_DATA SEGMENT_:
========================================
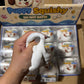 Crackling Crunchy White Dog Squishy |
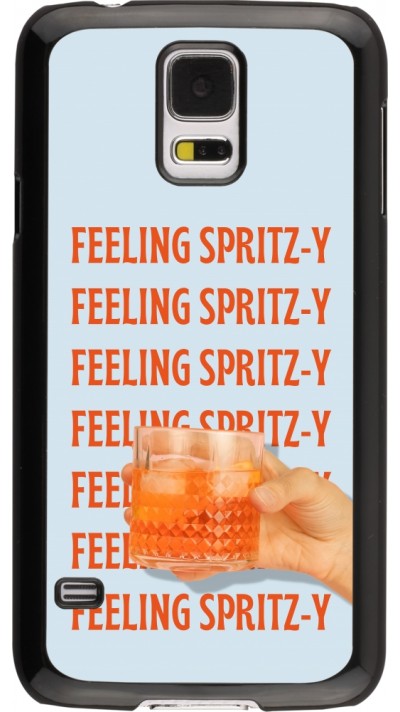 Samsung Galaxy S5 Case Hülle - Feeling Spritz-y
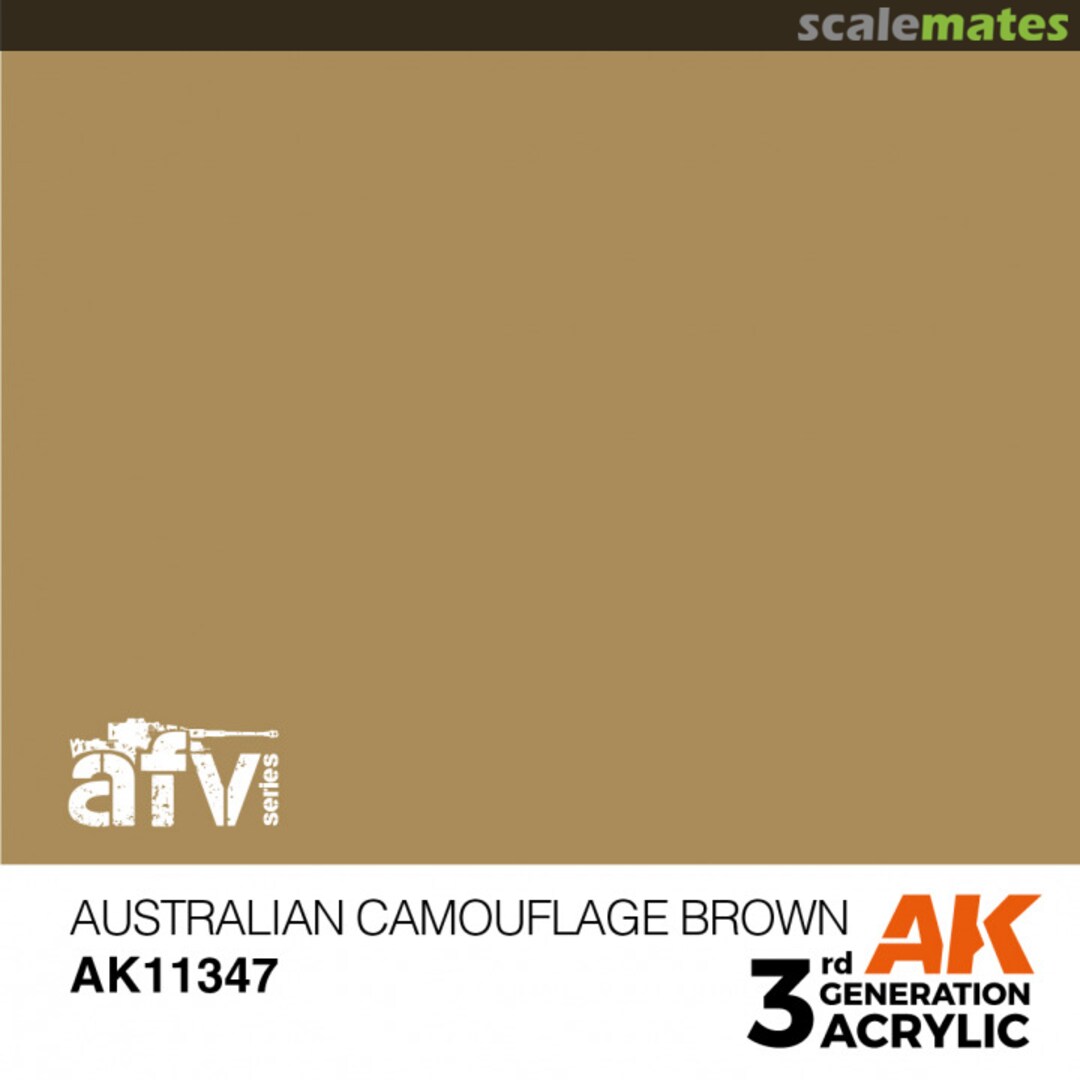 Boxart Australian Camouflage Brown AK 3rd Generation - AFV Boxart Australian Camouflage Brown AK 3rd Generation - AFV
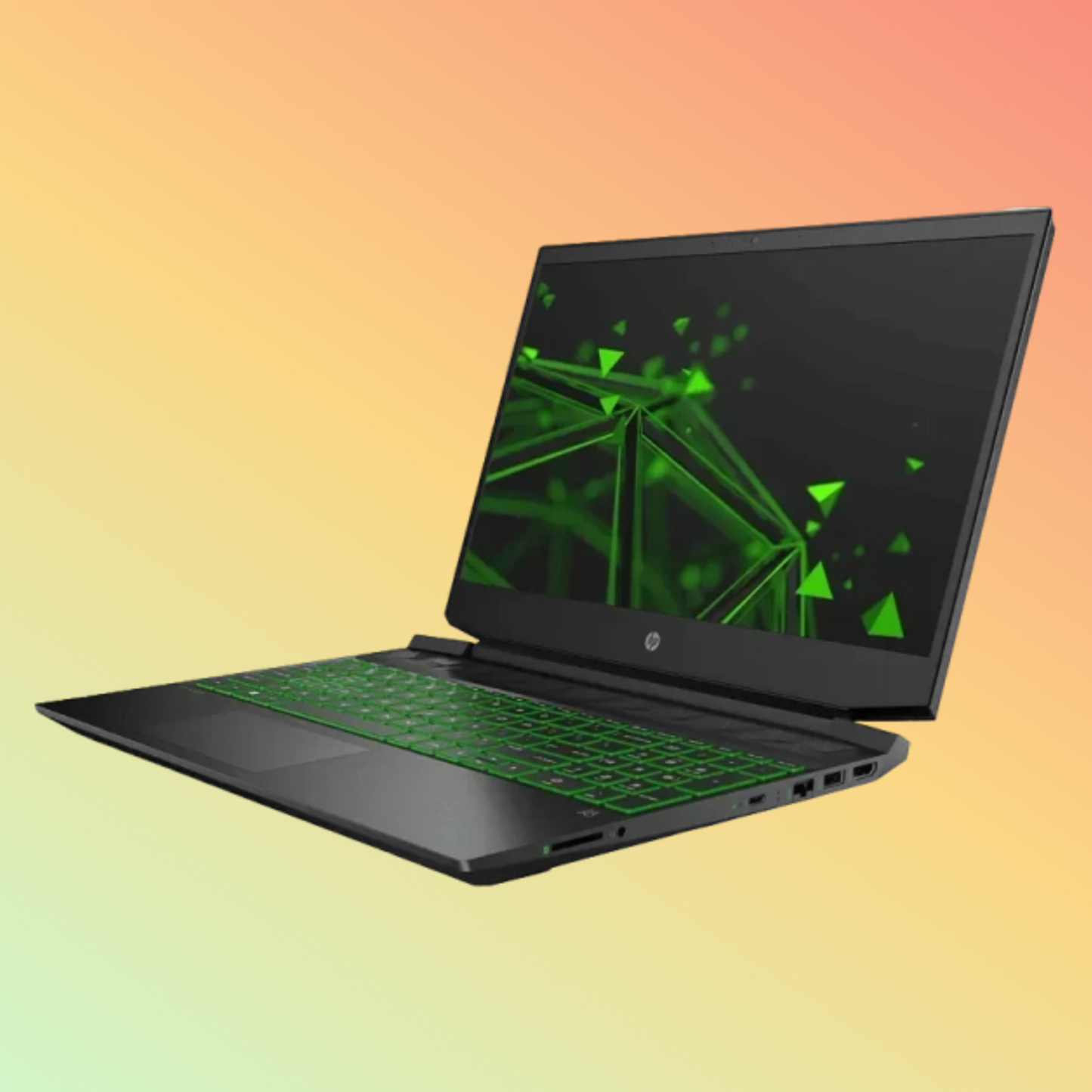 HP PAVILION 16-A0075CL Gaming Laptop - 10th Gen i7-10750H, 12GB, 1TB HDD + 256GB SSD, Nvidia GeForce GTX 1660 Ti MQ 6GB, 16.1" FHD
========================================
_ABOUT THIS EXERCISE_:
Starting at the line that holds "- AFV Boxart", write out every remaining line of the material above exactly as it appears. Pictures should not be copied.

_TASK RESULT_:
 Boxart Australian Camouflage Brown AK 3rd Generation - AFV Boxart Australian Camouflage Brown AK 3rd Generation - AFV
 HP PAVILION 16-A0075CL Gaming Laptop - 10th Gen i7-10750H, 12GB, 1TB HDD + 256GB SSD, Nvidia GeForce GTX 1660 Ti MQ 6GB, 16.1" FHD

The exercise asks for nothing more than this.